Discordo da opinião de que o conceito de direitos humanos do século XVIII era uma extensão para a pessoa humana da ideia do direito divino dos reis ou dos direitos irrevogáveis que Deus concedeu à Igreja. Estou mais inclinado a dizer que esse conceito tem, em última análise, a sua ascendência na longa história da ideia de direito natural e do direito das nações, desenvolvida pelo mundo antigo e pela Idade Média, e mais imediatamente surge da distorção unilateral e da petrificação racionalista que essas ideias, para seu grande prejuízo, sofreram desde a época de Grotius e o nascimento de um raciocínio mecanicista. Por um equívoco fatal, a lei natural (que é interior à criatura e precede qualquer expressão explícita) foi vista como um código escrito a ser proclamado a todos, do qual toda lei justa seria uma cópia e que decidiria a priori cada detalhe das normas de conduta humana em prescrições supostamente ditadas pela natureza e pela razão, mas na verdade formuladas de forma arbitrária e artificial. Além disso, terminamos deificando o ser humano e considerando todos os direitos que lhe são concedidos como absolutos e ilimitados.

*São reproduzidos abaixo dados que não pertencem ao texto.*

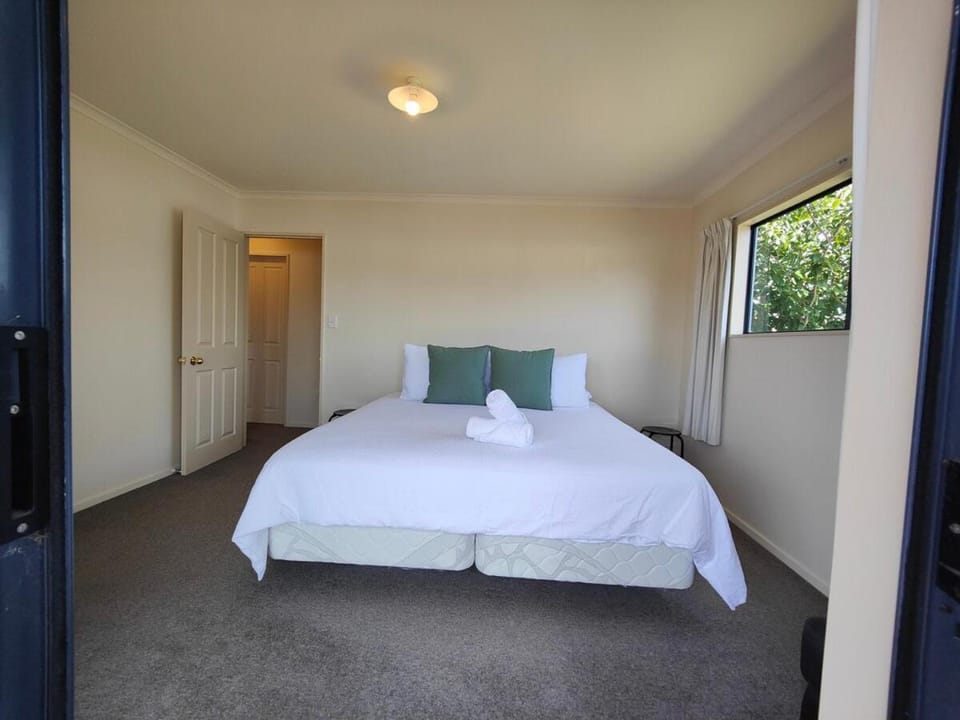 Te Anau Mountain Views House in Te Anau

Na minha opinião, qualquer tentativa de justificação racional da ideia de direitos humanos, bem como da ideia de direito em geral, exige que redescubramos suas verdadeiras conotações metafísicas, seu dinamismo realista e sua humilde dependência da natureza e da experiência, recuperando o real conceito de lei natural, que foi desfigurado pelo racionalismo do século XVIII. Feita tal redescoberta, podemos compreender como uma certa ordem ideal, enraizada na natureza humana e na sociedade, pode impor exigências morais universalmente válidas ao mundo da experiência, da história e dos fatos, e estabelecer para a consciência, tal como para a lei escrita, princípios permanentes e normas universais de direito e dever.

[… Temos que considerar ainda] a imensa influência do condicionamento económico e social e, em particular, a importância dos novos pontos de vista e dos novos problemas, de modo a transcender o individualismo liberal ou burguês e alcançar os valores sociais da vida humana, que as crises e catástrofes da economia capitalista e o advento histórico do proletariado trazem à luz.

Jamais uma declaração de direitos humanos será exaustiva e final. Sempre andará de mãos dadas com o estado da consciência moral e da civilização num determinado momento da história.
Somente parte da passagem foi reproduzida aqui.